SOURCE DATA:
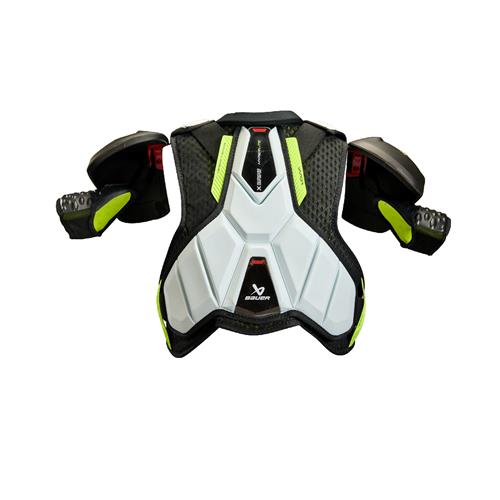Bauer Axelskydd Vapor Hyperlite Jr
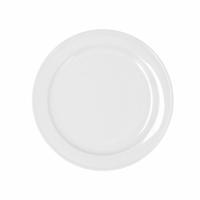 Dinerbord Bidasoa Glacial Ala Estrch Wit Keramisch (6 Stuks) (Pack 6x)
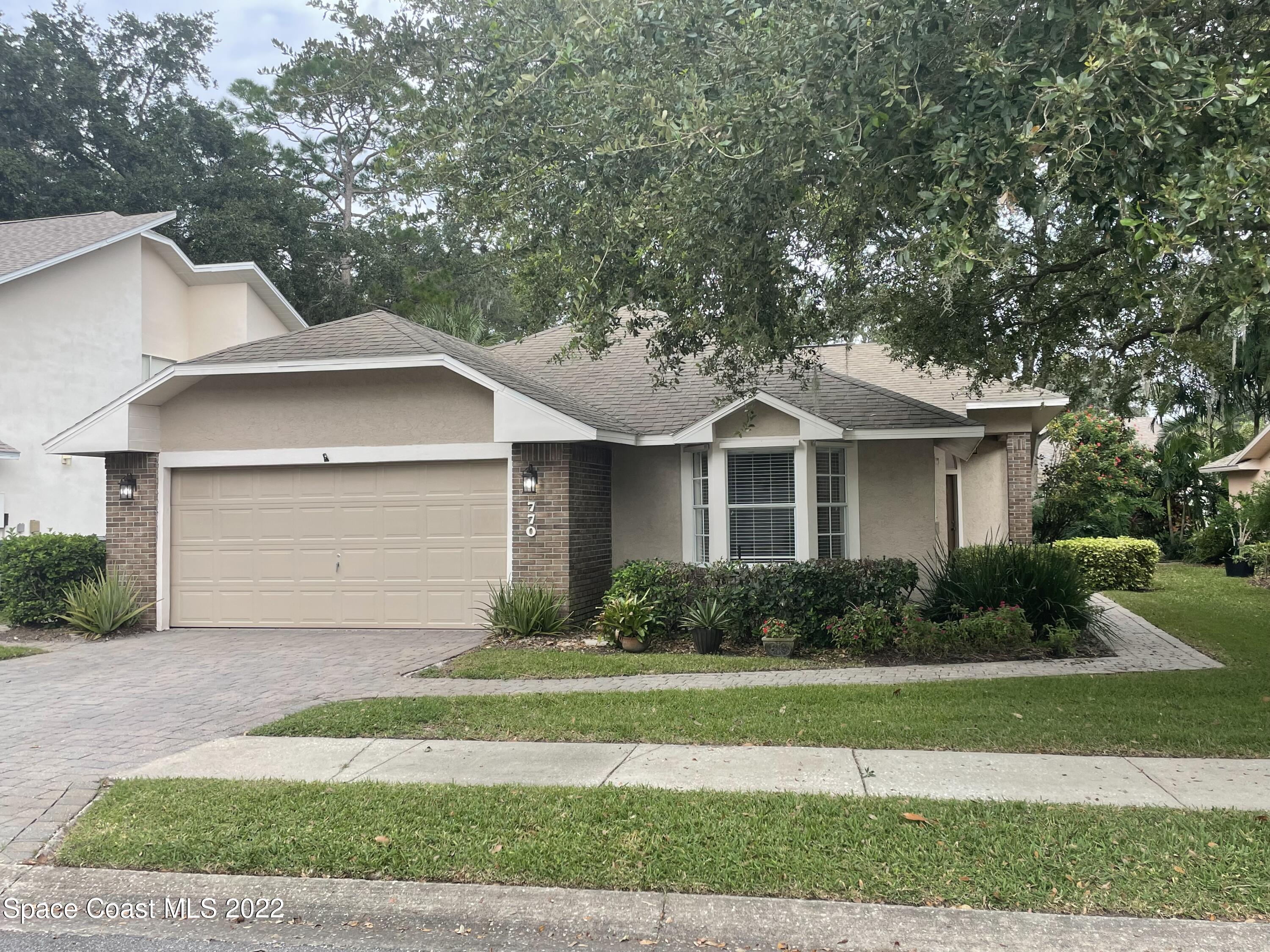 770 Lakewood Lane Titusville FL 32780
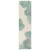 Camps Bay Aqua Indoor/Outdoor Rug - 2 x 8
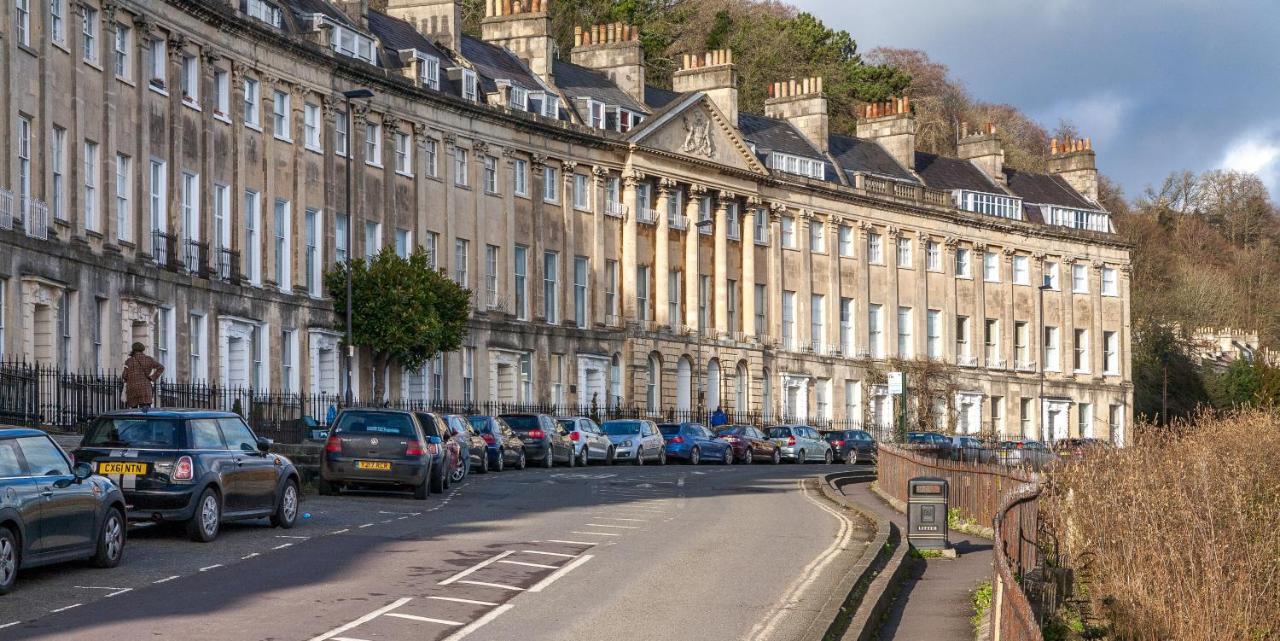 Camden Crescent Apartment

WHAT YOU HAVE TO DO:
Where an entry contains an image, skip the image and write out the rest exactly.

SOLUTION TO THIS TASK:
Bauer Axelskydd Vapor Hyperlite Jr
 Dinerbord Bidasoa Glacial Ala Estrch Wit Keramisch (6 Stuks) (Pack 6x)
 770 Lakewood Lane Titusville FL 32780
 Camps Bay Aqua Indoor/Outdoor Rug - 2 x 8
 Camden Crescent Apartment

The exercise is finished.